While it’s true that HLN has always leaned hard on the rerun game, it has been home to occasionally ambitious original true crime programming like How It Really Happened, Beyond Reasonable Doubt, and the true crime-adjacent hypochondria enabler Something’s Killing Me. “A number of popular correspondents and journalists were terminated” from HLN yesterday, as well, Variety reports, with names likely trickling out as the day goes on. — EB
You can decide Sarah’s last review topic of 2022. Yes, you! You know the drill by now, I suspect: vote in the poll, Sarah will consume the winner and send out her analysis to all paid subscribers right before the milestone-marking ball drops in Times Square. (Since Sarah lives in New York, I assume she goes to the Times Square ball drop every year, as all city residents do!) [“llol” — SDB]
Right now, I’m dismayed to see that the two most San Francisco titles are trailing behind in favor of Murder One, I might have to log in from a few different IP addresses to rectify that (jk jk). But, seriously, things are close enough that a few votes can sway things one way or another, so get on it! — EB
“If you haven’t read this 1995 Bissinger dispatch, well, it’s good.” That’s author/BE faithful Elon Green, who swooped into my inbox like some true crime fairy godparent yesterday just as I realized I didn’t have a longread to leave you with today.
The piece he’s referring to is “The Killing Trail,” a Feb 1995 Vanity Fair piece from Buzz Bissinger about a spate of Texas slayings by teen males; “eight brutal murders in Texas that echo the bloody heyday of the Ku Klux Klan.

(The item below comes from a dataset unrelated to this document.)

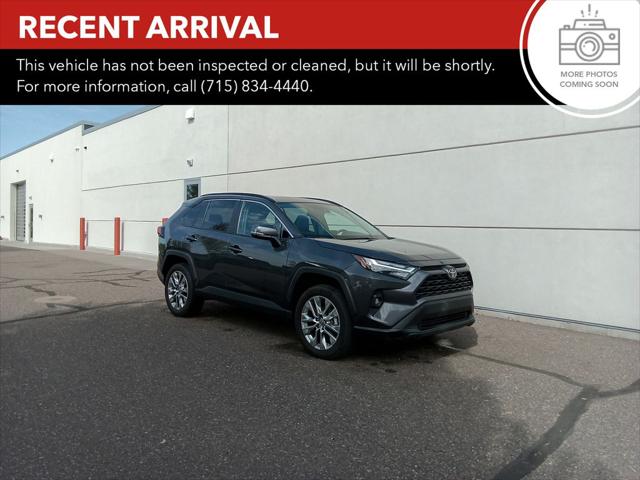 2025 Toyota RAV4 XLE Premium for sale in Chippewa Falls, WI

But the victims are not black; they are homosexual men who are being stalked, terrorized, and killed.”
This is three years before Matthew Shepard would be gay-bashed to death in rural Wyoming, and the killings happened right around when Brandon Teena was raped and killed in Nebraska, yet these cases (at least, to my limited knowledge as a wastrel 24-year-old when this VF piece ran) didn’t achieve the same level of national attention, despite this glossy mag take. (Elon, if you’re reading, we’d love to hear why you think that is.)
The piece is very classic VF of that era, brutal and poetic by turns. and it doesn’t age completely perfectly (nor have I in the intervening 27 — jesus christ — years), but Elon’s right. It’s good. Here’s a snip to send you off on your weekend:
The trail leaves the Baptist belt of East Texas and stretches its fingers for 400 miles into the mesquite and dry dust of West Texas, where an 18-year-old named Ramsey Blake Harrell is tried in Midland in February 1994 for the killing of a 48-year-old gay hairstylist named Tommy Musick. Musick was shot four times in the back of the head. Harrell’s defense, according to testimony in the case, is that he went insane after Musick allegedly made persistent sexual advances toward a friend. During the trial, much is made of Musick’s lifestyle, the way he carried a “purse,” the fact that he had a lover. A jury finds Harrell guilty of shooting Tommy Musick, then sentences him to 12 years, meaning that he could be in prison as little as 3 years, less than one year for every shot fired.
The trail leaves the West Texas prairie and moves 300 miles southeast over oil fields and high-school football fields and the thick bluebonnets of the Hill Country to San Antonio, where the newspaper, the Express-News, decides to publish the names of men who have been arrested in city parks on misdemeanor charges such as public lewdness and indecent exposure. One man on the list is suddenly fired from the job where he has worked for 13 years. Another is hauled into court by his ex-wife, who succeeds in changing their custody agreement so that he is allowed only supervised visitation with his children. Another man named by the newspaper, Benny Hogan, has just started a new “dream” job in San Antonio as an insurance adjuster. All his life, until June 2, when his name is published, Hogan has kept his sexual preference private from family and close friends. On June 5, as nearly 12,000 people celebrate Gay Pride Sunday in San Antonio, Benny Hogan hangs himself in his garage.